While the company projects sales of between $50 million and $55 million in 1996, up from $45.5 million in 1995, it is not clear whether the company will post a profit this year. Most of the revenue growth this year came from acquisitions, not from growth of existing operations, Adams says.

"The good news for us is that we're coming out of a bad market," he says. "Demand looks real strong now."

Industrial goods analyst David Leibowitz agrees "the worst may be over" for Consolidated Stainless and its competitors, who have seen the prices they can demand of their customers drop this year because of the declining cost of imported raw materials.

When selling prices decline, "the company's profit margin narrows as relatively higher-cost inventory is sold," according to documents Consolidated Stainless filed with the Securities and Exchange Commission.

"But it is a bit early to pass judgment on whether any new price increases will stick," says Leibowitz, a managing director at Burnham Securities in New York.

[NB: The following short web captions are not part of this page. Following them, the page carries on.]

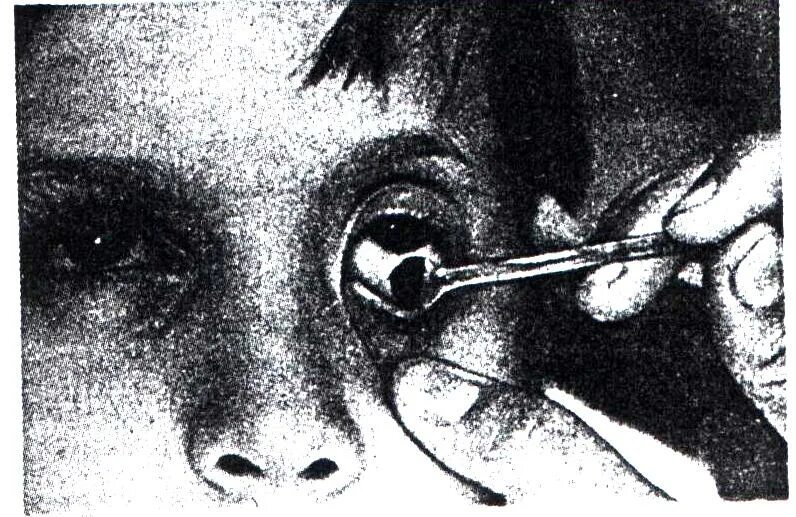 Соскоб с конъюнктивы на цитологию. Мазок с конъюнктивы. Мазок с конъюнктивы. Забор мазка с конъюнктивы. Coli в световой микроскоп.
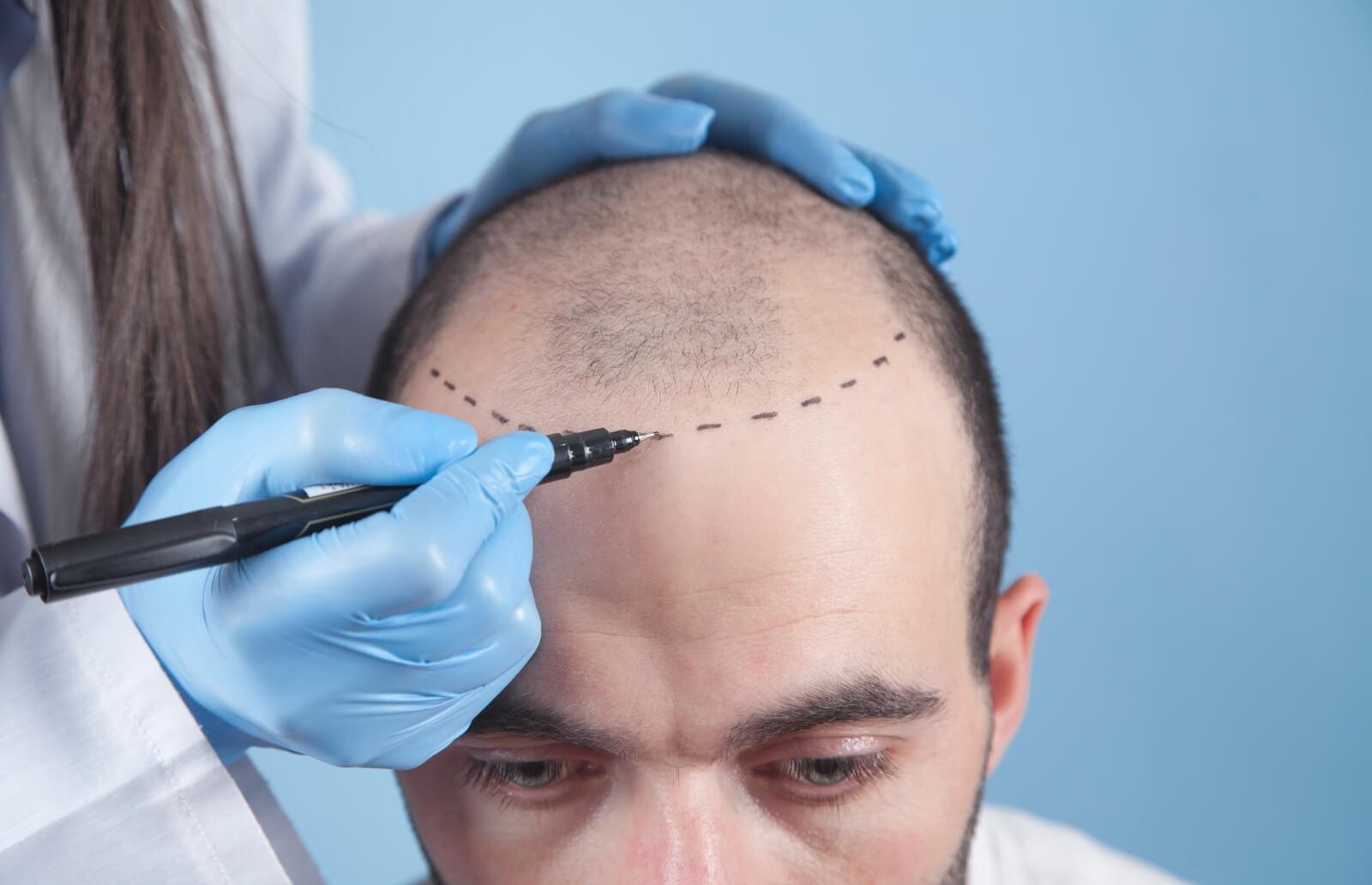 Hair Transplantation in Fue Method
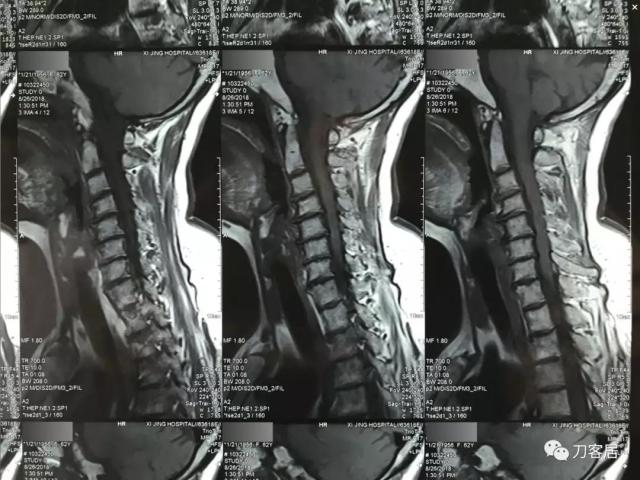 医生及患者通用:如何用手机翻拍X线片,磁共振片子,CT片子进行网络求医、病例讨论及保留资料 医生及患者通用:如何用手机翻拍X线片,磁共振片子,CT片子进行网络求医、病例讨论及保留资料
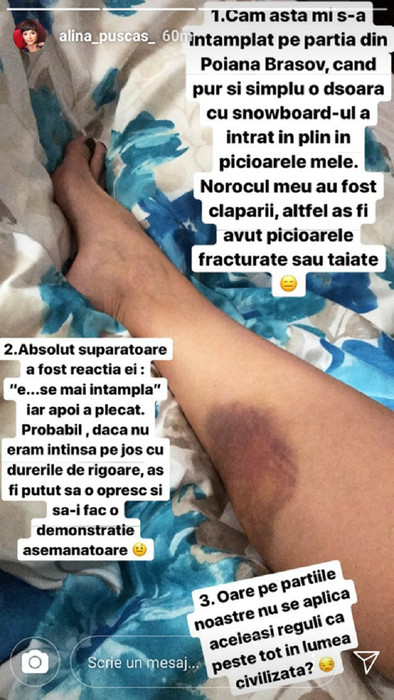 Alina Puşcaş, primele declaraţii despre accidentul violent de pe pârtia de schi: „Îmi taie carnea cu totul, iar când mi-am dat jos clăparul…”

Adams, however, says he is "99.9 percent sure" his company's price increases will be accepted, largely because many competitors are hiking their prices, too.

Consolidated Stainless, traded on the NASDAQ exchange as PIPE, manufactures and distributes stainless steel pipes, valves and other fittings through a national distribution network. The company sells to customers mainly in the manufacturing, food-processing, paper-processing, pharmaceutical and petrochemical industries.

In other news, Consolidated Stainless plans to use $2.5 million in new stock proceeds to offset some of the initial start-up costs the company incurred when it purchased manufacturing machinery from a New York company earlier this year, moved the equipment to Florida and renovated it.

The proceeds were not generated in a stock offering but instead through the issuance of debentures that are convertible into common stock during the next 10 years.

The debentures, convertible at $6.09 a share, were issued to "a leading financial institution" that Adams declines to identify.

Formerly headquartered in Longwood, Consolidated Stainless moved its offices to Orlando in July. The company upped its office space from 2,000 to 5,000 square feet in the process.

With about 300 employees, including 13 in Orlando, Consolidated Stainless has production facilities in Auburndale, Lakeland and Houston. Company distribution/service centers are located in Apopka, Tampa, Jacksonville, Atlanta, Chicago, Houston and Los Angeles.